Once you find the line below that contains "人心的舞台 人心的舞台", write it out along with every later line exactly as given, stopping only when the records end. Omit the pictures.

------------------------------------------------------------------------

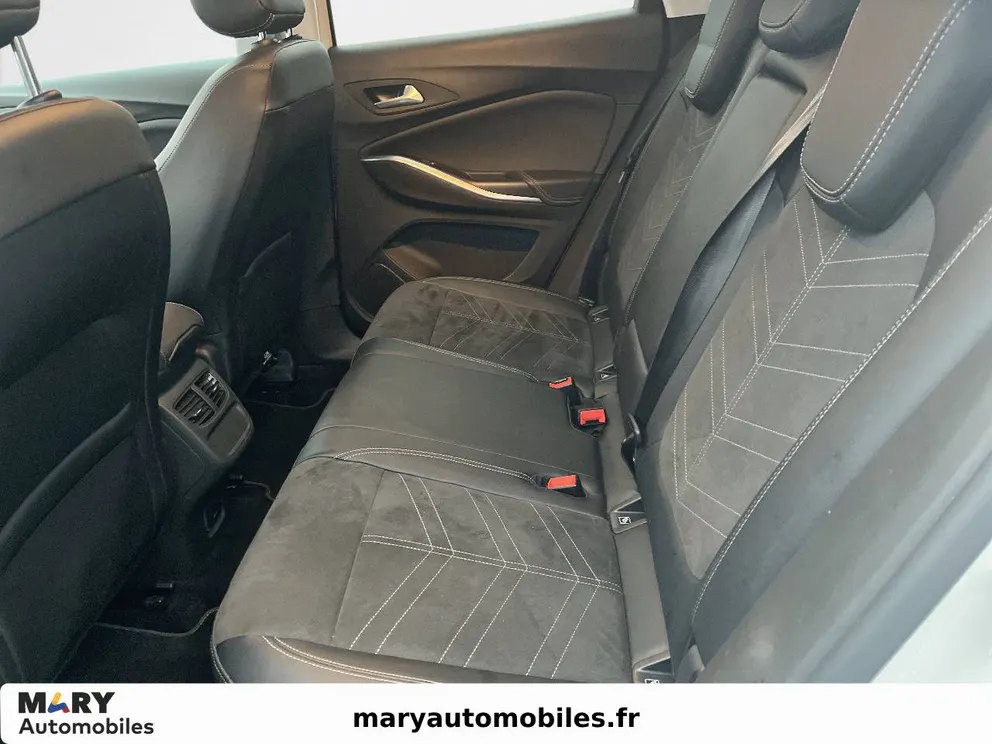 Véhicule occasion 201427 - opel GRANDLAND - Photo 10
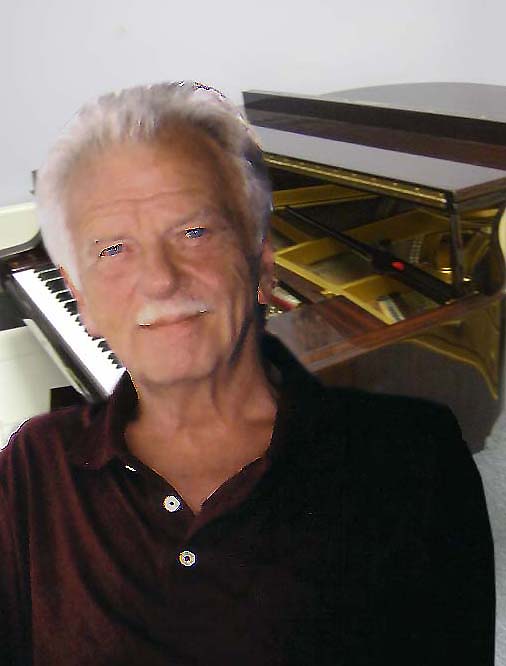James Hooper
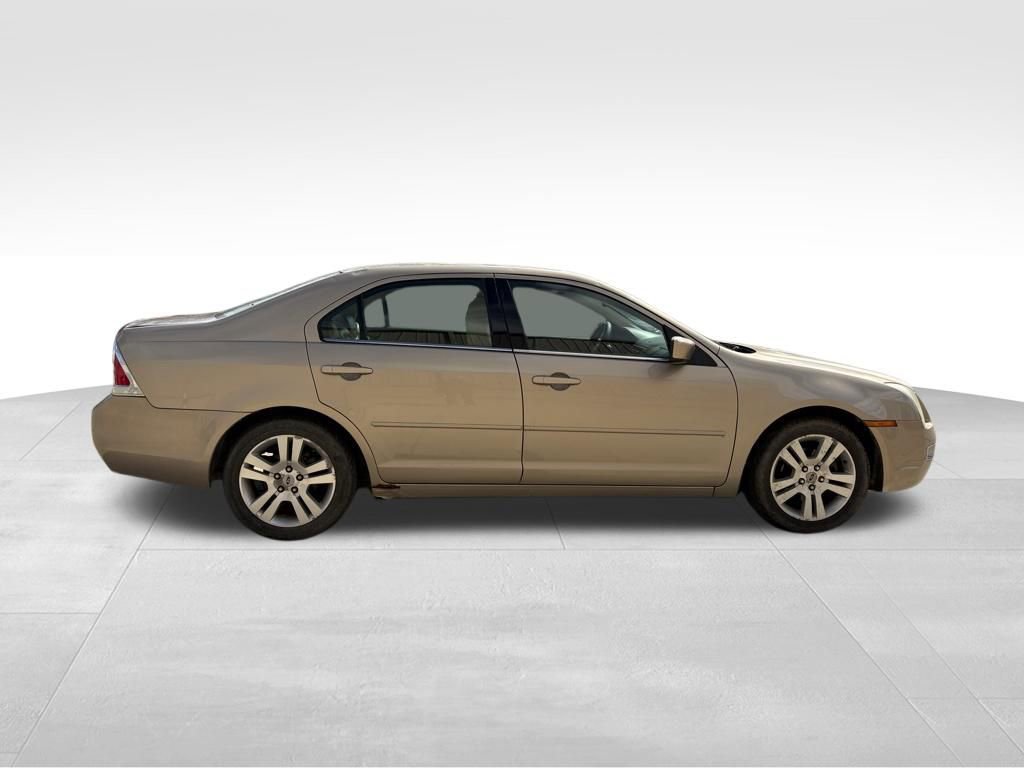 Used 2006 Ford Fusion SEL image 4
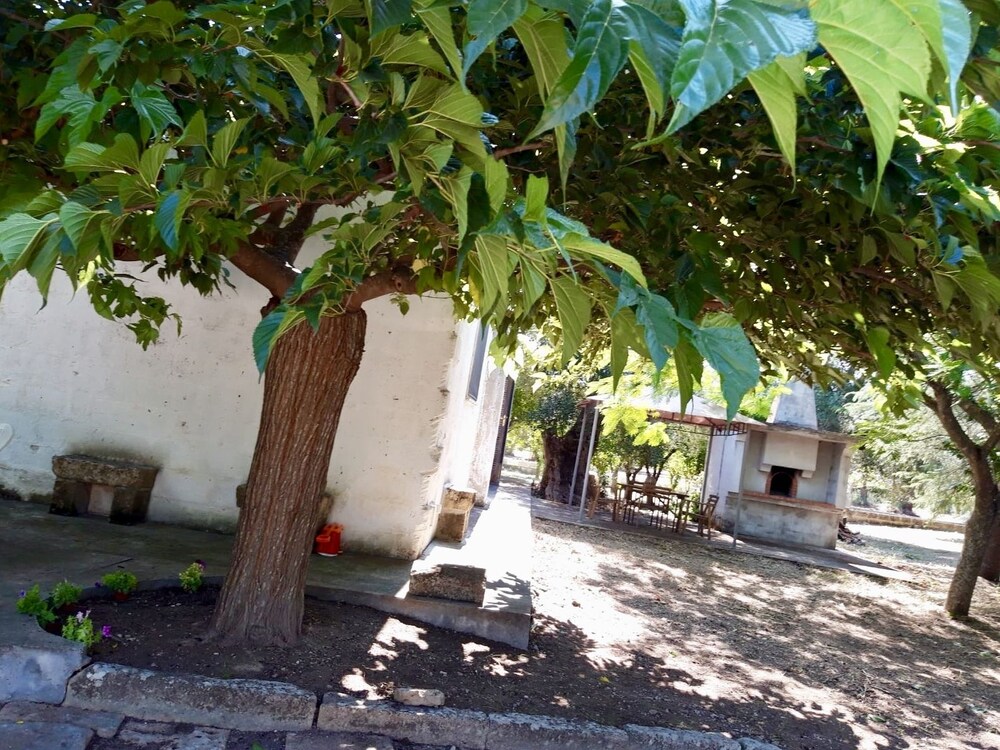 Masseria Pietro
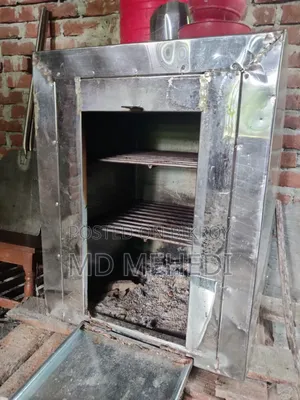 পিজ্জা ওভেন
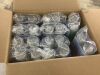 Case of Plastic Compostable Cups, 500ct  - 2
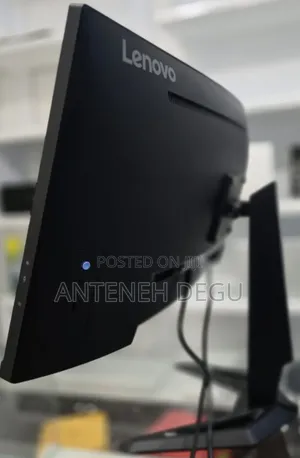 Lenovo Monitor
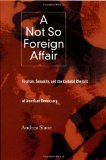 Portada de NOT SO FOREIGN AFFAIR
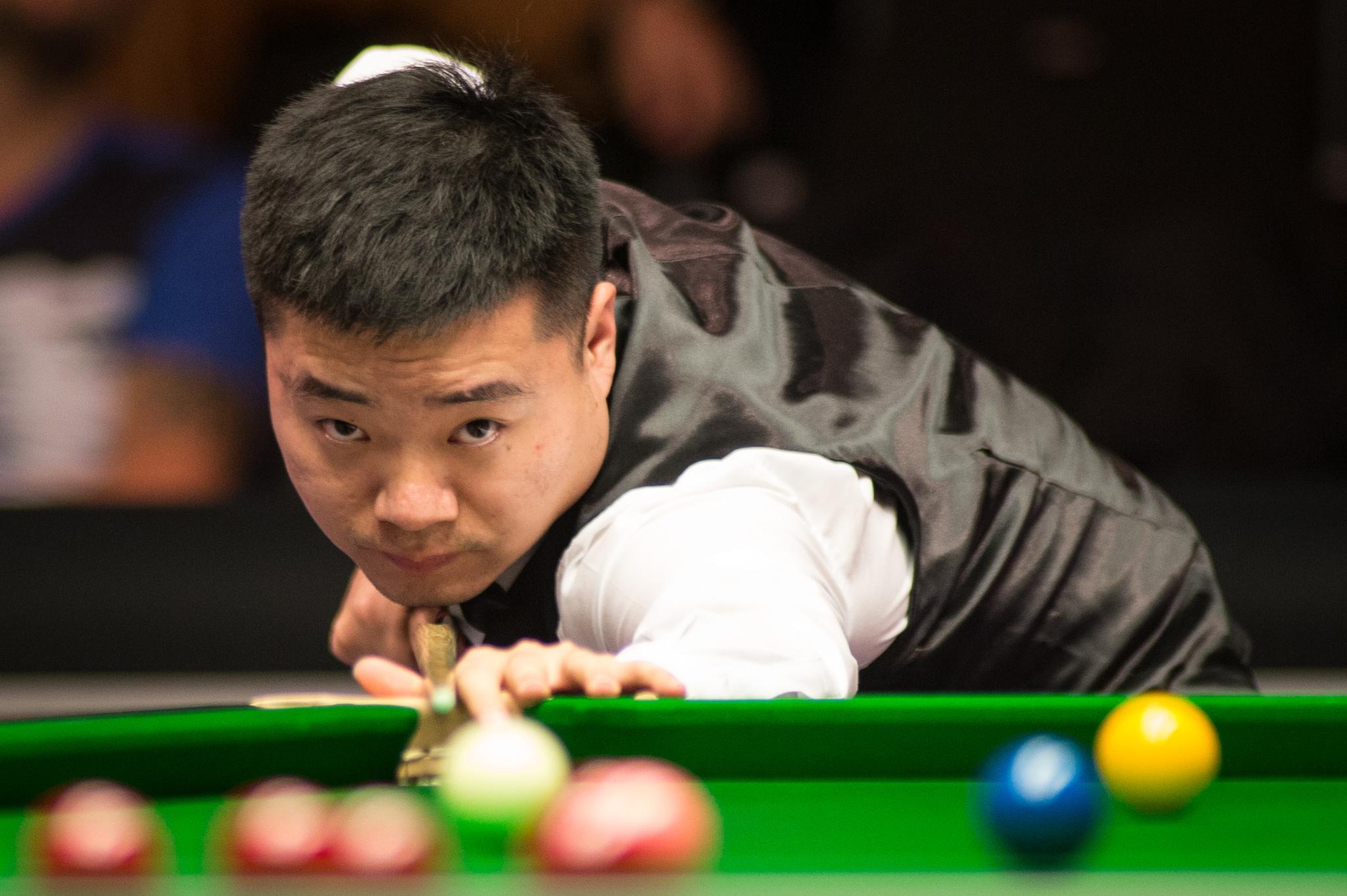 人心的舞台 人心的舞台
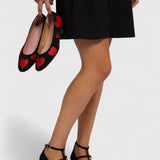 Lyn | Talons Orthopédiques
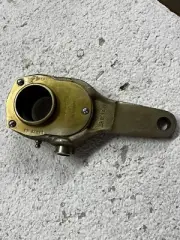 Haldex KN44041 Manual Brake Slack Adjuster 6” Center To Center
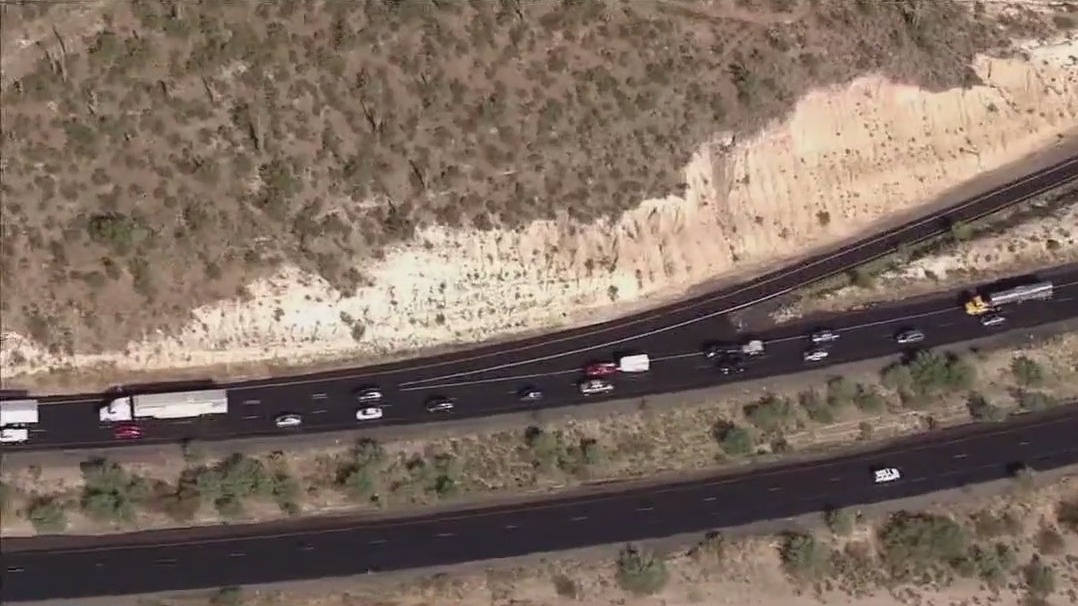 Thanksgiving: AAA expects busy holiday travel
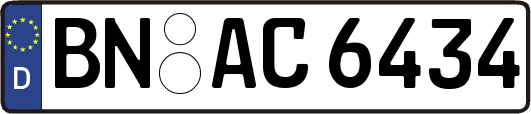 BN-AC6434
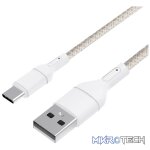 WINX LINK Simple USB to Type-C Cable - Image 2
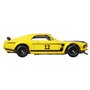 Автомодель Hot Wheels Vintage 1969 Ford Mustang Boss 302 (HRT81/HRV08)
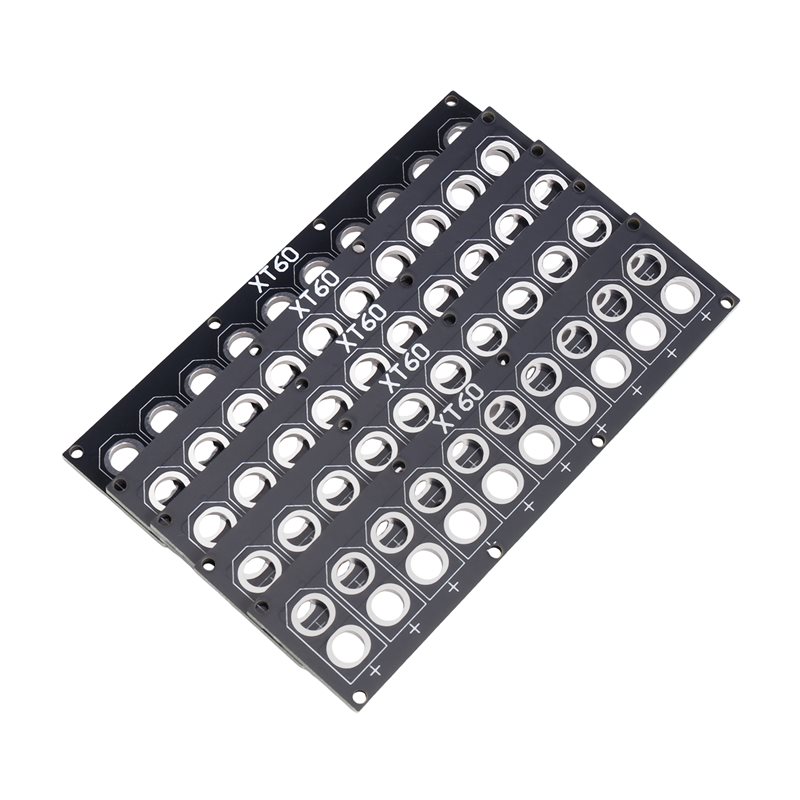 ABGN Untuk Drone FPV Pesawat T - Drone Battery Parallel Board ulasan dan harga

------------------------------------------------------------------------

## Answer below
 人心的舞台 人心的舞台
 Lyn | Talons Orthopédiques
 Haldex KN44041 Manual Brake Slack Adjuster 6” Center To Center
 Thanksgiving: AAA expects busy holiday travel
 BN-AC6434
 WINX LINK Simple USB to Type-C Cable - Image 2
 Автомодель Hot Wheels Vintage 1969 Ford Mustang Boss 302 (HRT81/HRV08)
 ABGN Untuk Drone FPV Pesawat T - Drone Battery Parallel Board ulasan dan harga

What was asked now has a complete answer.